Backblaze pours cold water on immersion cooling for most disk drive setups

Storage pod
Storage pod

Iceotope has demonstrated immersion cooling of disk drives and reckons it could enable fewer drive failures and lower total cost of ownership. A Backblaze technologist isn’t convinced.

Backblaze, which provides cloud backup and general storage, has designed its own drive chassis called Pods, and has tens of thousands of disk drives in operation. Backblaze keeps detailed statistics about its drive population over their lifetime, cataloging failures and tracking their working life and costs. 

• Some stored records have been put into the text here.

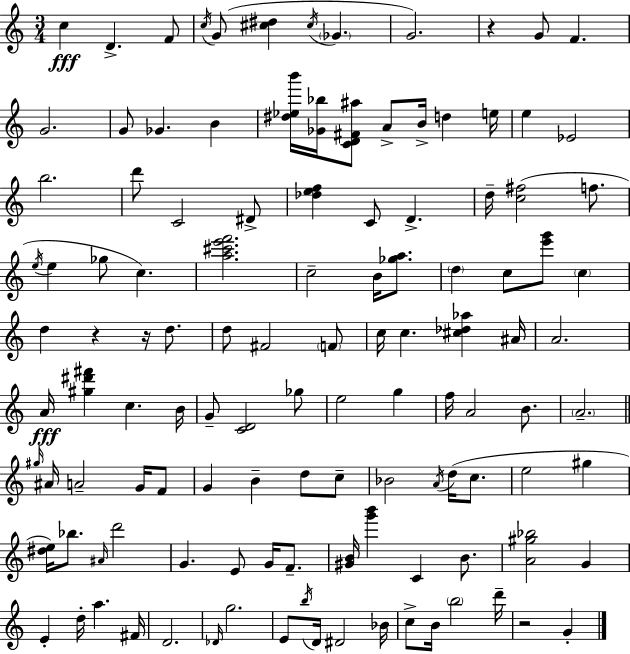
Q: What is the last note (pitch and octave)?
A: G4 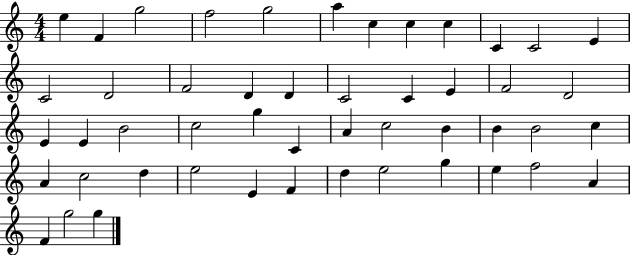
X:1
T:Untitled
M:4/4
L:1/4
K:C
e F g2 f2 g2 a c c c C C2 E C2 D2 F2 D D C2 C E F2 D2 E E B2 c2 g C A c2 B B B2 c A c2 d e2 E F d e2 g e f2 A F g2 g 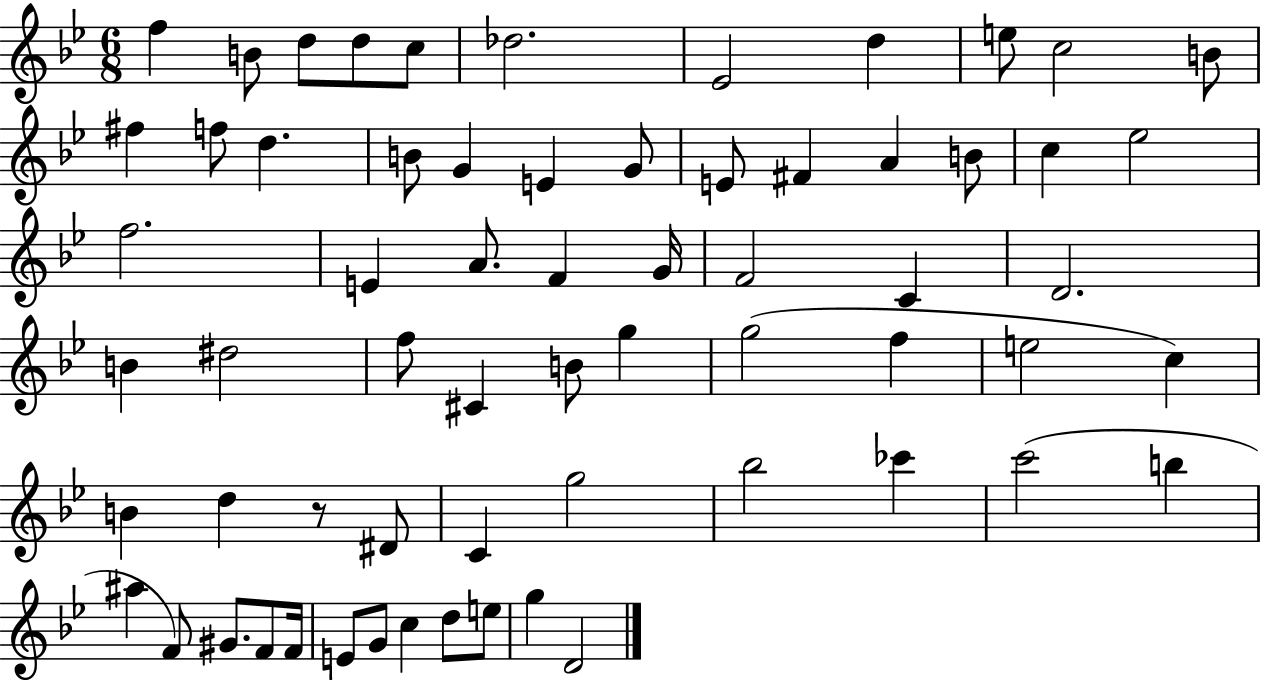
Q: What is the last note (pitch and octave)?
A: D4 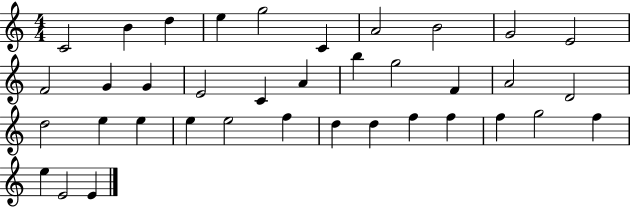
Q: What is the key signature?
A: C major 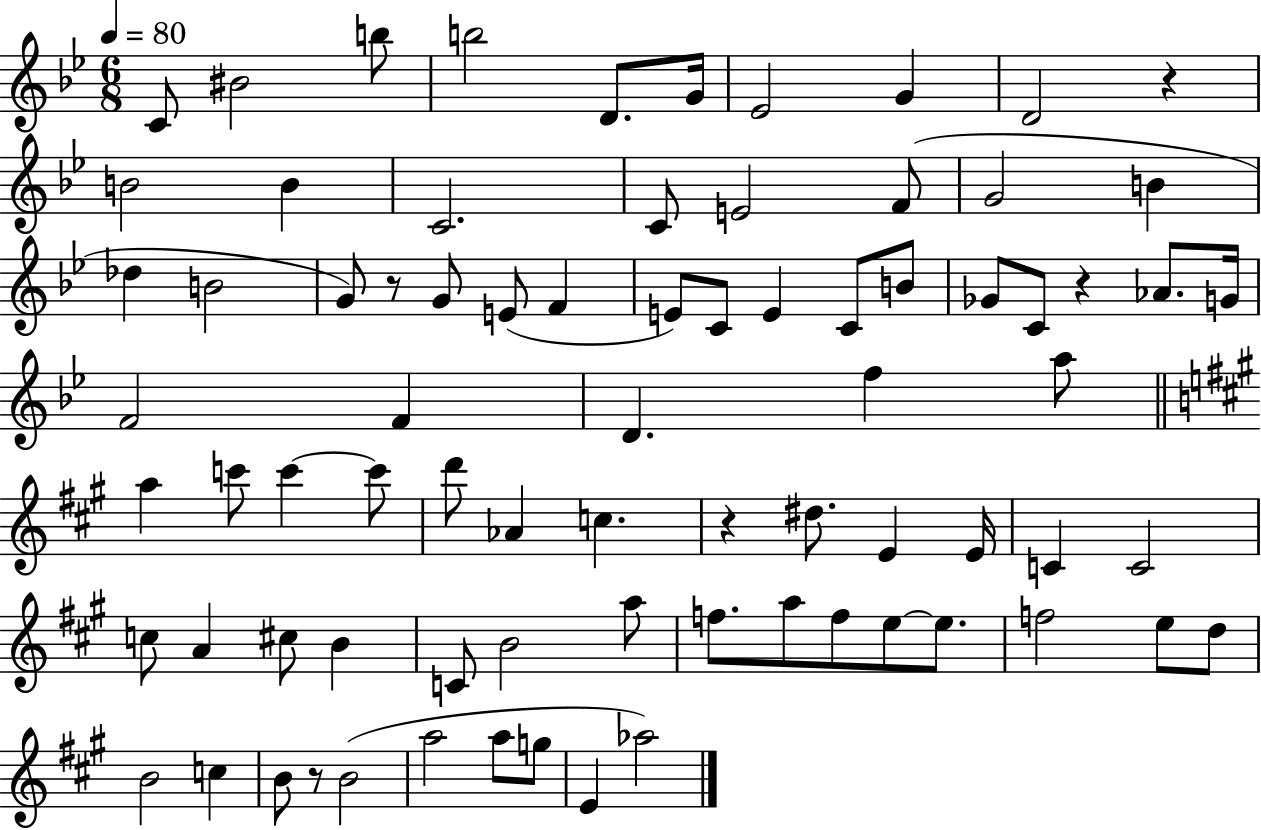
C4/e BIS4/h B5/e B5/h D4/e. G4/s Eb4/h G4/q D4/h R/q B4/h B4/q C4/h. C4/e E4/h F4/e G4/h B4/q Db5/q B4/h G4/e R/e G4/e E4/e F4/q E4/e C4/e E4/q C4/e B4/e Gb4/e C4/e R/q Ab4/e. G4/s F4/h F4/q D4/q. F5/q A5/e A5/q C6/e C6/q C6/e D6/e Ab4/q C5/q. R/q D#5/e. E4/q E4/s C4/q C4/h C5/e A4/q C#5/e B4/q C4/e B4/h A5/e F5/e. A5/e F5/e E5/e E5/e. F5/h E5/e D5/e B4/h C5/q B4/e R/e B4/h A5/h A5/e G5/e E4/q Ab5/h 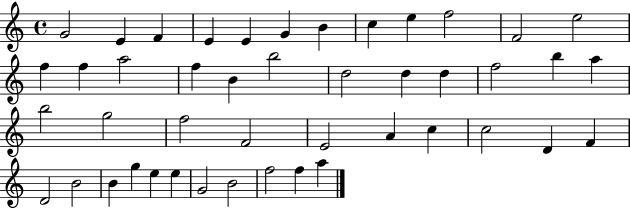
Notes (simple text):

G4/h E4/q F4/q E4/q E4/q G4/q B4/q C5/q E5/q F5/h F4/h E5/h F5/q F5/q A5/h F5/q B4/q B5/h D5/h D5/q D5/q F5/h B5/q A5/q B5/h G5/h F5/h F4/h E4/h A4/q C5/q C5/h D4/q F4/q D4/h B4/h B4/q G5/q E5/q E5/q G4/h B4/h F5/h F5/q A5/q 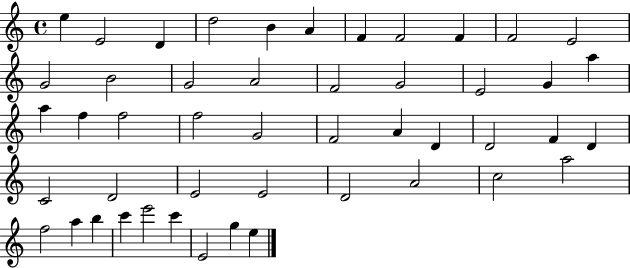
E5/q E4/h D4/q D5/h B4/q A4/q F4/q F4/h F4/q F4/h E4/h G4/h B4/h G4/h A4/h F4/h G4/h E4/h G4/q A5/q A5/q F5/q F5/h F5/h G4/h F4/h A4/q D4/q D4/h F4/q D4/q C4/h D4/h E4/h E4/h D4/h A4/h C5/h A5/h F5/h A5/q B5/q C6/q E6/h C6/q E4/h G5/q E5/q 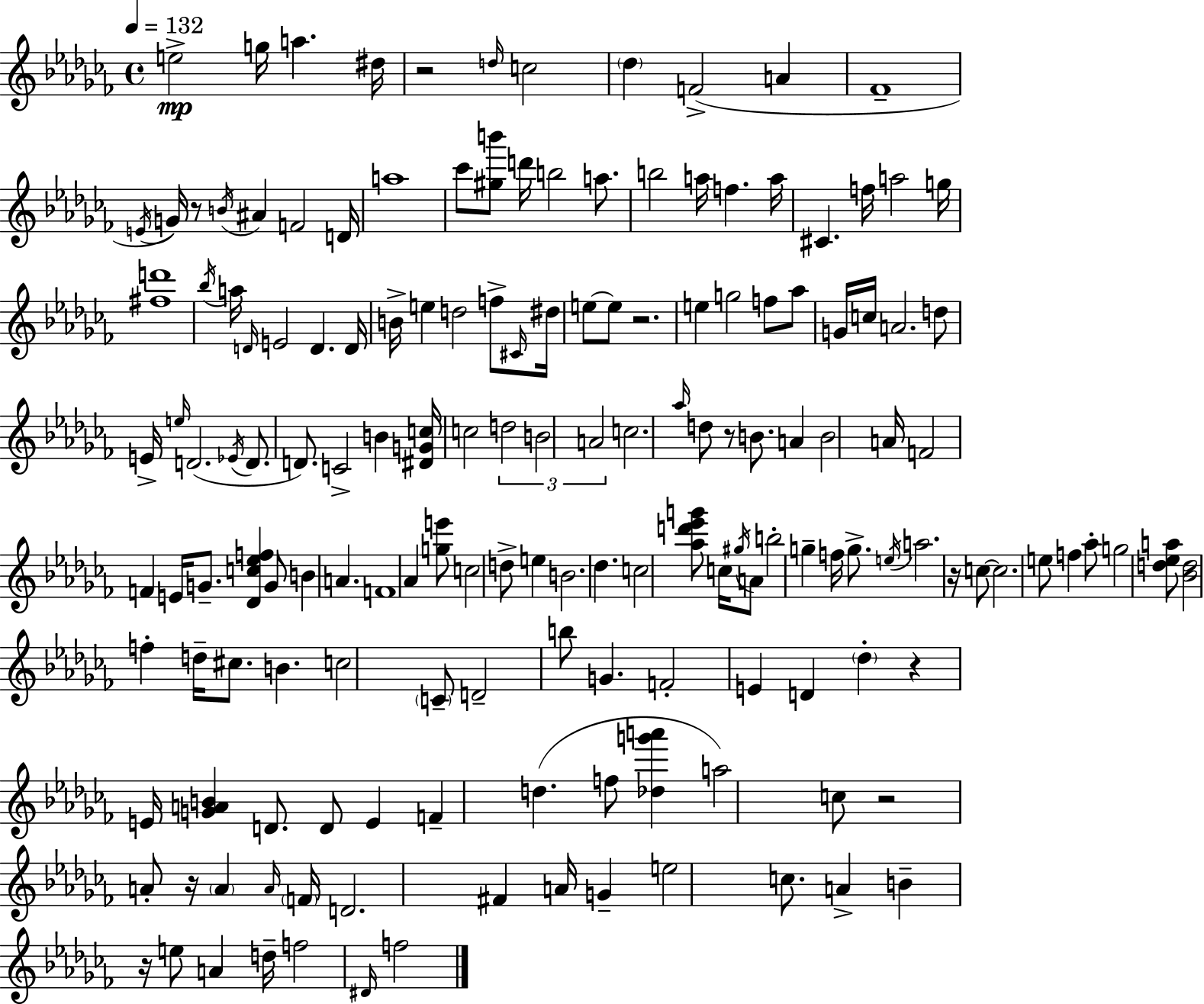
E5/h G5/s A5/q. D#5/s R/h D5/s C5/h Db5/q F4/h A4/q FES4/w E4/s G4/s R/e B4/s A#4/q F4/h D4/s A5/w CES6/e [G#5,B6]/e D6/s B5/h A5/e. B5/h A5/s F5/q. A5/s C#4/q. F5/s A5/h G5/s [F#5,D6]/w Bb5/s A5/s D4/s E4/h D4/q. D4/s B4/s E5/q D5/h F5/e C#4/s D#5/s E5/e E5/e R/h. E5/q G5/h F5/e Ab5/e G4/s C5/s A4/h. D5/e E4/s E5/s D4/h. Eb4/s D4/e. D4/e. C4/h B4/q [D#4,G4,C5]/s C5/h D5/h B4/h A4/h C5/h. Ab5/s D5/e R/e B4/e. A4/q B4/h A4/s F4/h F4/q E4/s G4/e. [Db4,C5,Eb5,F5]/q G4/e B4/q A4/q. F4/w Ab4/q [G5,E6]/e C5/h D5/e E5/q B4/h. Db5/q. C5/h [Ab5,D6,Eb6,G6]/e C5/s G#5/s A4/e B5/h G5/q F5/s G5/e. E5/s A5/h. R/s C5/e C5/h. E5/e F5/q Ab5/e G5/h [D5,Eb5,A5]/e [Bb4,D5]/h F5/q D5/s C#5/e. B4/q. C5/h C4/e D4/h B5/e G4/q. F4/h E4/q D4/q Db5/q R/q E4/s [G4,A4,B4]/q D4/e. D4/e E4/q F4/q D5/q. F5/e [Db5,G6,A6]/q A5/h C5/e R/h A4/e R/s A4/q A4/s F4/s D4/h. F#4/q A4/s G4/q E5/h C5/e. A4/q B4/q R/s E5/e A4/q D5/s F5/h D#4/s F5/h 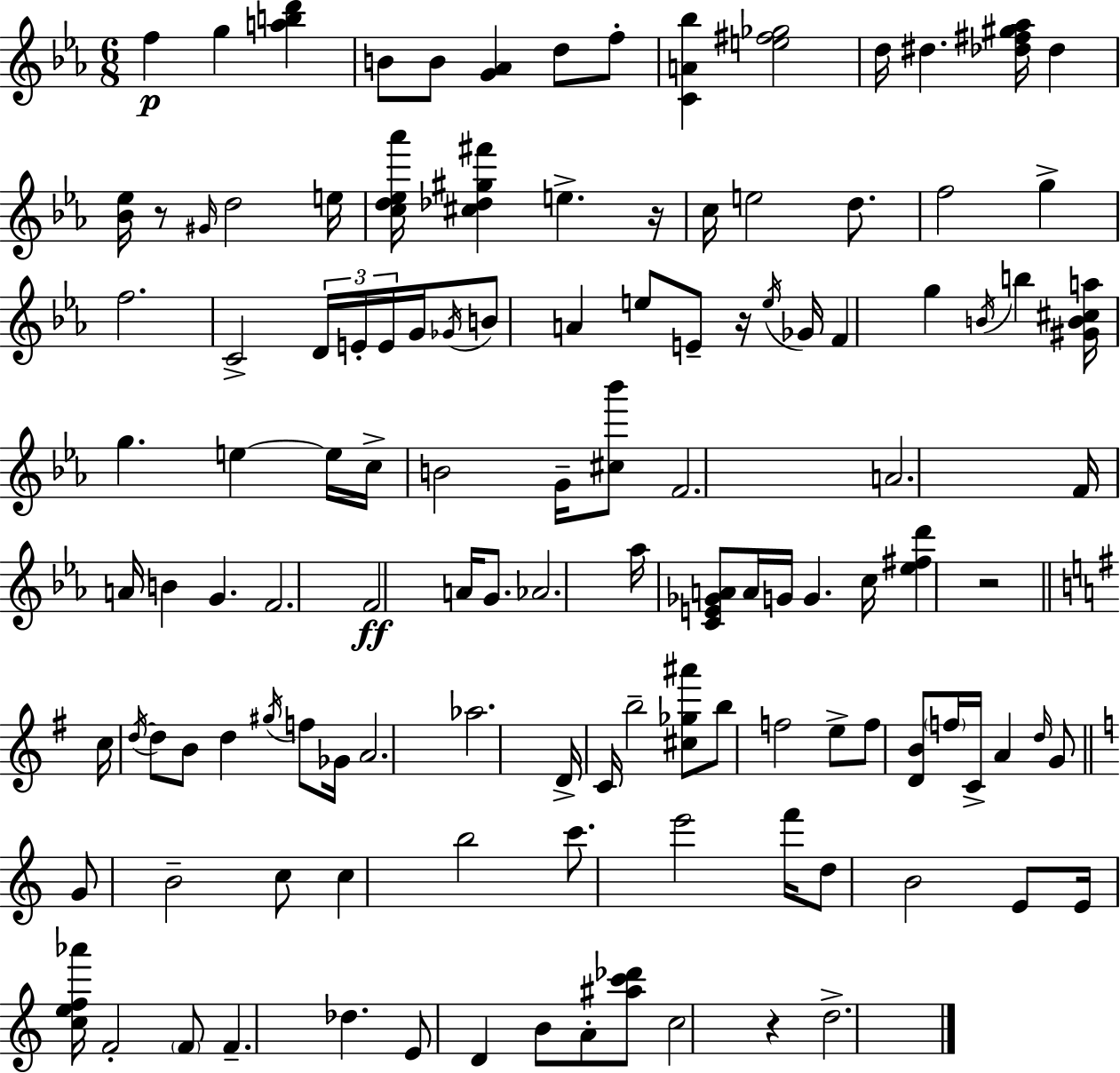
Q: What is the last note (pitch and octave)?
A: D5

We asked co-founder and CEO Gleb Budman what he thought about the Iceotope immersion cooling and he asked one of his technical staff to respond. The tech spokesman said: “Any kind of liquid cooling (immersion or otherwise) is basically trading complexity and difficulty in servicing for a more consistent temperature (fewer peaks and valleys) and higher heat dissipation capacity. Typically, this trade-off isn’t particularly valuable unless you have extremely high heat production (GPU compute is notable here, though CPU and RAM can get there), constant load, or both.”

This is not the situation at Backblaze because its cloud storage operation is disk-based and not compute-intensive: “In our case, we don’t use particularly high-end CPUs or RAM, we don’t use GPUs at all, and while our hard drives are constantly in use, unlike SSDs, heat is more a factor in their reliability than their performance.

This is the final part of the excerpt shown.